Yankees shortstop Didi Gregorius reacts after his eighth-inning grand slam...

Yankees shortstop Didi Gregorius reacts after his eighth-inning grand slam against the Rays at Yankee Stadium on Tuesday. Credit: Jim McIsaac

Didi Gregorius showed Tuesday night against the Rays that his power could be coming


His grand slam in the bottom of the eighth inning off Colin Poche shook Yankee Stadium, as fans celebrated the 8-3 lead it gave the Yankees after they faced a 3-2 deficit entering the frame. Zack Britton nailed down the 8-3 win, and after the game, Gregorius said it was just a matter of time.

“It’s getting there,” he said. "I am only here for 100-something at-bats, and I finally got a chance to come through for the team.

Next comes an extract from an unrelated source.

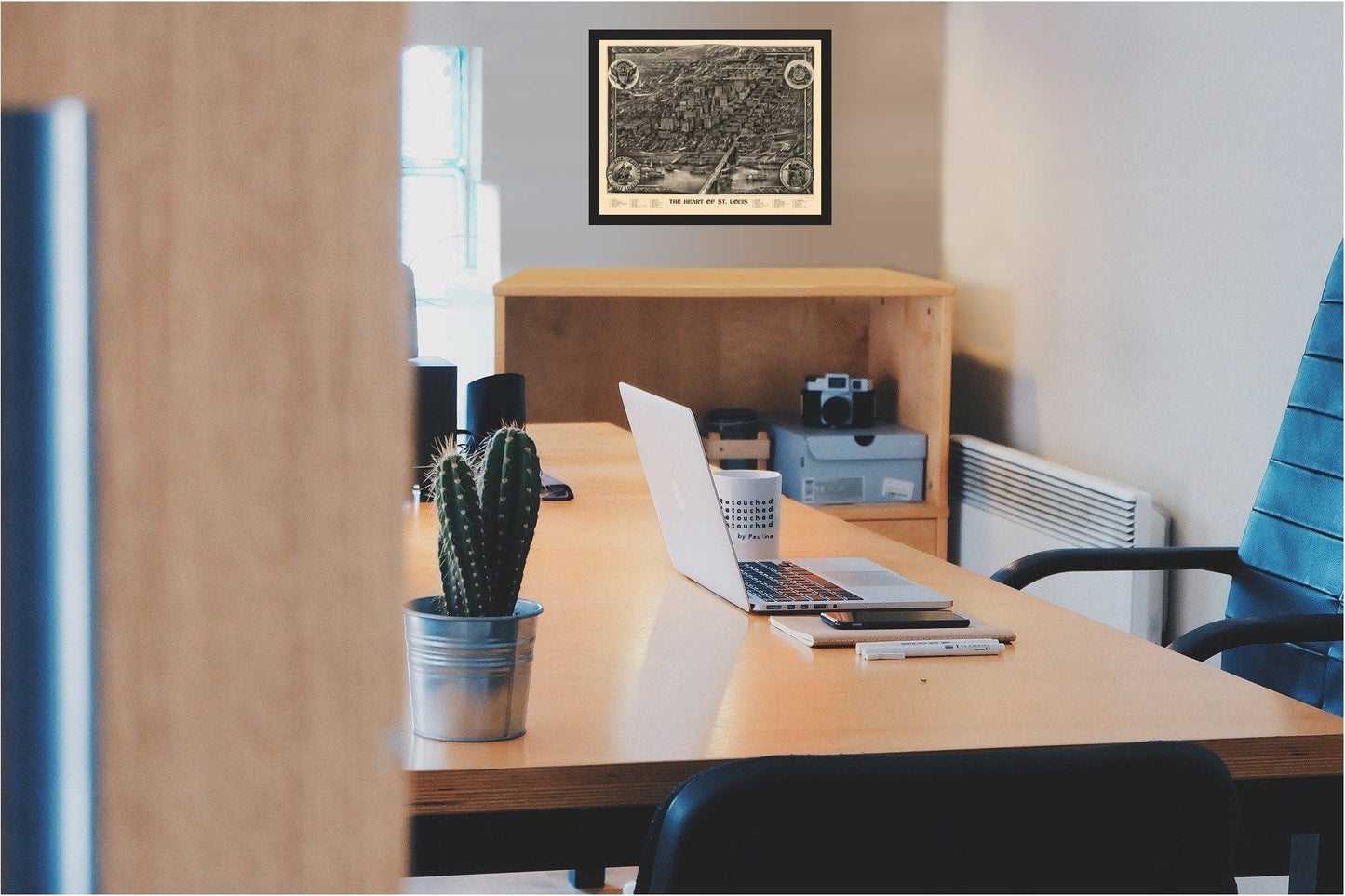 Historic Panoramic View - St Louis Central Missouri - Graf 1907 - 23 x 29.19 - Vintage Wall Art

I’ve been in a tough situation, and I didn’t get hits, but it felt really good to come through for the team like that.”

The Yankees activated Gregorius on June 7 after he missed the first several months recovering from Tommy John surgery on his right elbow for an injury he sustained in the playoffs against the Red Sox. Coming off a career year with 27 home runs, Gregorius was hoping to pick up where he left off.

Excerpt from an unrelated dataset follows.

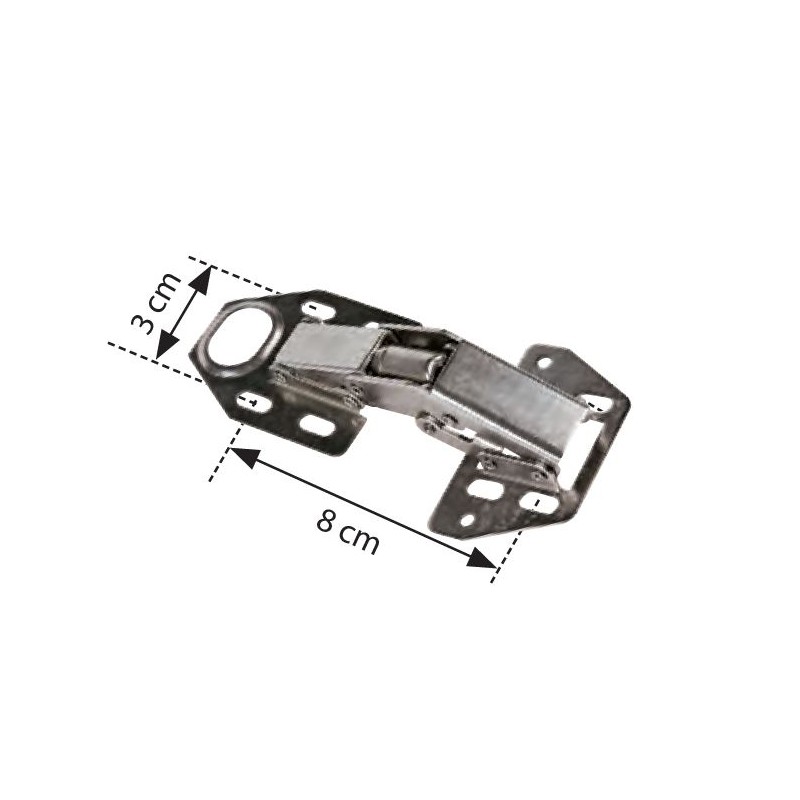 DGN BISAGRA DE PUERTA 2863 UN MUELLE 30X80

The early returns haven’t been great, and aside from a six-game stretch (June 24 to July 3) in which he registered multiple hits in each contest, Gregorius has been underwhelming. In 25 games entering Tuesday, his .662 OPS was well below his career mark of .742 and last year’s career-best .829.

“Not coming through for the team – that’s the only thing that’s tough,” Gregorius said. “With the injury, there’s nothing I can do. Things happen. You can’t predict the future. You can’t avoid everything because things happen. That’s all I am trying to do . . . be the best I can be and make adjustments to get better.”

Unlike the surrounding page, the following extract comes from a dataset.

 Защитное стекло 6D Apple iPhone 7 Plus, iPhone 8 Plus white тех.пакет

Overcoming Tommy John surgery as a batter can take time, as bolstering strength in the arm doesn’t come right away. Gregorius can look to Corey Seager of the Dodgers and Shohei Ohtani of the Angels for possible inspiration, as both suffered similar struggles over their first 25 games after Tommy John surgery this season. They’ve been demonstrably better since.

Seager’s OPS was .795, and he had managed just two home runs and seven RBIs. In 45 games since (he missed about a month with a hamstring strain), his OPS is .809 and he’s hit six home runs with 32 RBIs.

Ohtani returned on May 7 and posted an OPS of .730 with five home runs in his first 25 games. He caught fire in the next 32 contests, mashing nine home runs with an OPS of 1.048.

All three hitters have produced hard-hit rates below their career averages, according to Statcast on Baseball Savant, but improvements have been made as Seager’s and Ohtani’s seasons have developed. Perhaps the same could happen for Gregorius, who earned a curtain call for his homer. 

As a lefthanded batter, Gregorius needs a strong right arm to hit the ball hard and generate power. That could be coming if he follows the trend set by Seager and Ohtani.

“Finally to come through for the team,” Gregorius said. “I’ve been in situations and couldn’t come through and I was finally able to come through, especially against the lefty. That makes it even better.”